The technology will not be made widely available to the public until next year, but Cecilia Abadie was one of about 10,000 "explorers" who received the glasses earlier this year as part of a try-out.
Her case highlights several issues, including distracted driving, wearable technology that will one day become mainstream, and how laws often lag behind technological developments.
Abadie was stopped in October on suspicion of driving at 80mph in a 65mph zone on a San Diego freeway. The California Highway Patrol officer saw she was wearing Google Glass and added a citation usually given to people driving while a video or TV screen is on in the front of their vehicle.
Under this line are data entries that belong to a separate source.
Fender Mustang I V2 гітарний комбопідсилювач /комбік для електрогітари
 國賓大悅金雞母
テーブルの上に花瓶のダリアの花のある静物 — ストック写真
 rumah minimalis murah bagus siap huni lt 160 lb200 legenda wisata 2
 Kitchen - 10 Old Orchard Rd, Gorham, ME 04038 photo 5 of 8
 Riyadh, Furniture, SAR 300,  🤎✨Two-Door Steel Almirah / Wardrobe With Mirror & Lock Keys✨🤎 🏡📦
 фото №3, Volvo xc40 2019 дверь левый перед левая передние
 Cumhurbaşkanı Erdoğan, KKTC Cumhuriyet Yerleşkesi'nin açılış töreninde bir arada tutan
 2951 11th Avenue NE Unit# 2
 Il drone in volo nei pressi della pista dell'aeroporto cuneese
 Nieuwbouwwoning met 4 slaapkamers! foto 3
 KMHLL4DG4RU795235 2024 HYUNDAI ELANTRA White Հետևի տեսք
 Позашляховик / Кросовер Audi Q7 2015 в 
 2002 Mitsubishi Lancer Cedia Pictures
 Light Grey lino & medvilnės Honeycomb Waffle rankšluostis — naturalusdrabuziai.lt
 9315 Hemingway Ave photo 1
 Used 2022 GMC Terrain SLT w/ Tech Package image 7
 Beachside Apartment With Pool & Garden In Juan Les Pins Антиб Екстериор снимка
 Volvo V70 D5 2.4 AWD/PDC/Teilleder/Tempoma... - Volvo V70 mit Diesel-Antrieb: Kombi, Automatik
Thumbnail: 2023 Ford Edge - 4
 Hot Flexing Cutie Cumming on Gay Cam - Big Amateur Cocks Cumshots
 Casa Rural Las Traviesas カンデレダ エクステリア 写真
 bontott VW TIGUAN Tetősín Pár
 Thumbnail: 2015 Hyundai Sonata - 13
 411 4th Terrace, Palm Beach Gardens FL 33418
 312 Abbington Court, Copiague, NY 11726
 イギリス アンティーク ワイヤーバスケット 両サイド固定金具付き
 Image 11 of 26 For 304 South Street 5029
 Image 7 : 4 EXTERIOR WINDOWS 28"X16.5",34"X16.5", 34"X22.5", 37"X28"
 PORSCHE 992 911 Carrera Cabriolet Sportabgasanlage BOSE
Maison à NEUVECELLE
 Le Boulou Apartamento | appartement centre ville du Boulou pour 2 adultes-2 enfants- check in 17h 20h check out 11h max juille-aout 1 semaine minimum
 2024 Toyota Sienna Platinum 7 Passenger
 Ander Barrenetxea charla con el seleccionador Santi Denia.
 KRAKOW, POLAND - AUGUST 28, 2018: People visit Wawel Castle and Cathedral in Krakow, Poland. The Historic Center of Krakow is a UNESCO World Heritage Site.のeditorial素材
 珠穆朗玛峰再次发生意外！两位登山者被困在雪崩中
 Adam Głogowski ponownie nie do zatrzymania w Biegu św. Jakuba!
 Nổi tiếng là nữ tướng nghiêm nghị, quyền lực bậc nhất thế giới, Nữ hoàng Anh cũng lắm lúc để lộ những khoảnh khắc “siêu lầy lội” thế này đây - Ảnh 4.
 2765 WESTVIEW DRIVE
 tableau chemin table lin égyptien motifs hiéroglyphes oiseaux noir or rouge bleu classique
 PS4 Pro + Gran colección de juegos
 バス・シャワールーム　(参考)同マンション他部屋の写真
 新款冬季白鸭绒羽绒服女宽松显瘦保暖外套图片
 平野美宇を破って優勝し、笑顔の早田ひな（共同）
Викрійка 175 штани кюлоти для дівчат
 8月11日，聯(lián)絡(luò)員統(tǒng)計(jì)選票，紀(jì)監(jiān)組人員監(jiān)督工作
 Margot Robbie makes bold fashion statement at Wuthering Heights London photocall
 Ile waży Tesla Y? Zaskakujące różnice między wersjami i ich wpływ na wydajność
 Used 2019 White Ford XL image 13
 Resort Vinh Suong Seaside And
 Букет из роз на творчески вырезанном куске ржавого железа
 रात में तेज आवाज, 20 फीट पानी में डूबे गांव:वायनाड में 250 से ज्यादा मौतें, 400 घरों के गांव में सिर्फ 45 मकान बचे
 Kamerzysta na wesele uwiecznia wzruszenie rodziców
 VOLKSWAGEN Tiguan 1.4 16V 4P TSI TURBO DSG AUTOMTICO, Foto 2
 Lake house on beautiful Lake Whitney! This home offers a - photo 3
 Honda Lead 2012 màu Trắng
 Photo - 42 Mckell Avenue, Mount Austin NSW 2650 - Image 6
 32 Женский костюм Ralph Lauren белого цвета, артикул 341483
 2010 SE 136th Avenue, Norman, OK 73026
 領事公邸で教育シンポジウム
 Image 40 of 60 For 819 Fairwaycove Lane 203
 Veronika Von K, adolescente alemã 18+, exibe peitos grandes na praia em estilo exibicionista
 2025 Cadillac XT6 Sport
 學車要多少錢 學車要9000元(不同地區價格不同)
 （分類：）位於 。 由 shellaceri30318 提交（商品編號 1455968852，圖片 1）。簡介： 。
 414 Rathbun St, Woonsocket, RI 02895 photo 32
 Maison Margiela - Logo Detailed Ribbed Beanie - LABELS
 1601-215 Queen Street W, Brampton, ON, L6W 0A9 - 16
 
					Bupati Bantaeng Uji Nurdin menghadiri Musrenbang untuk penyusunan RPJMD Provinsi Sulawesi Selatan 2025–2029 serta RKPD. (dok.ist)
Abadie, a software developer, denied both charges in San Diego traffic court.
Her lawyer William Concidine said she would tell a trial set for January that the glasses were not on when she was driving, but activated when she looked up at the policeman as he stood by her car window.
The device is designed to respond to a head tilt by waking itself up.
Mr Concidine also said the vehicle code listed in the prosecution applies to video screens in vehicles and is not relevant to mobile technology such as Google Glass.
Police declined to comment, but a t the time of Abadie's citation, the highway patrol said anything which took a driver's attention from the road was dangerous and should be discouraged.
The lightweight frames are equipped with a hidden camera and tiny display that responds to voice commands. The technology can be used to do things such as check email, learn background about something the wearer is looking at, or to get driving directions.
Legislators in at least three states - Delaware, New Jersey and West Virginia - have introduced bills that would specifically ban driving with Google Glass.
Chris Dale, a spokesman for the tech giant, said he was not aware of any other tickets issued for driving with Google Glass.
Google's website contains an advisory about using the headgear while driving, saying: "Read up and follow the law. Above all, even when you're following the law, don't hurt yourself or others by failing to pay attention to the road."